Chat Tab
Starting a Chat

When you open the Chat tab, a screen like this is displayed. To start a chat, you first need to select the model you want to use for the chat.

To select a model, click or tap the model switch button in the top right corner. This will display a list of models on the currently selected Ollama server, and you can select the model you want to use (to switch the selected server, please refer to the Server Tab documentation).

Once a model is selected, you can enter a message. Type the text you want to send to the AI model and click or tap the Send button.
To insert a line break on macOS, press ⇧ (Shift) + ↩︎ (Return) simultaneously.

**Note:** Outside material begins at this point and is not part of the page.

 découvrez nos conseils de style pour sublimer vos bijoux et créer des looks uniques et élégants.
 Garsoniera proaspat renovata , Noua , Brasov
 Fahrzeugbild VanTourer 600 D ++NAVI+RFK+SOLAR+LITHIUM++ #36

When you send a message, a chat request is sent to the Ollama server, and the model loading process will begin if necessary.
Loading may take time depending on the model type and the type of storage where the model is saved on the Ollama server.
Tip
The API timeout is set to 30 seconds by default, so a timeout error may occur if model loading takes a long time.
If you know that model loading will take time, I recommend increasing the API timeout duration in Settings or setting it to unlimited.
For instructions on how to set the API timeout duration, please refer to the Settings documentation.

After a while, you will receive a response from the AI.
Once the response is fully completed, you can perform operations on the message. The possible operations are as follows:
- Your Messages
- Copy
- You can copy the message as Markdown-formatted text.
- Edit
- You can edit the sent message and resend it. Only the last sent message can be edited.
- AI Messages
- Switch to Previous Revision
- You can switch to the revision before the regeneration. This is displayed only if there are two or more revisions.
- Switch to Next Revision
- You can switch from the previous revision to the next revision. This is displayed only if there are two or more revisions.
- Retry
- You can regenerate the AI's response. Only the last message can be regenerated.
- Copy
- You can copy the message as Markdown-formatted text.
- Share
- You can share the generated text.
Starting a New Chat
To clear the chat history and start a new chat, click the New Chat button in the top right corner or press ⌥ (Option) + ⌘ (Command) + N simultaneously.
Changing Chat Settings

By opening the Inspector, you can customize the chat settings.
To open the Inspector, click or tap the sidebar toggle button in the top right corner.
From the Inspector, you can customize the following settings:
- Chat Settings
- Stream Response
- Toggles whether to receive the AI's message continuously. If turned off, you will not receive a response until the final answer is returned, so I recommend setting the API timeout to unlimited. For instructions on how to set the API timeout duration, please refer to the Settings documentation.
- Keep Alive
- Select how long the model stays loaded in the server's memory.
- Thinking
- Toggles whether to perform inference when using a model that supports Thinking. This is only configurable for models that support "Thinking" in their "Model Capabilities." To check model capabilities, please refer to the Model Tab documentation.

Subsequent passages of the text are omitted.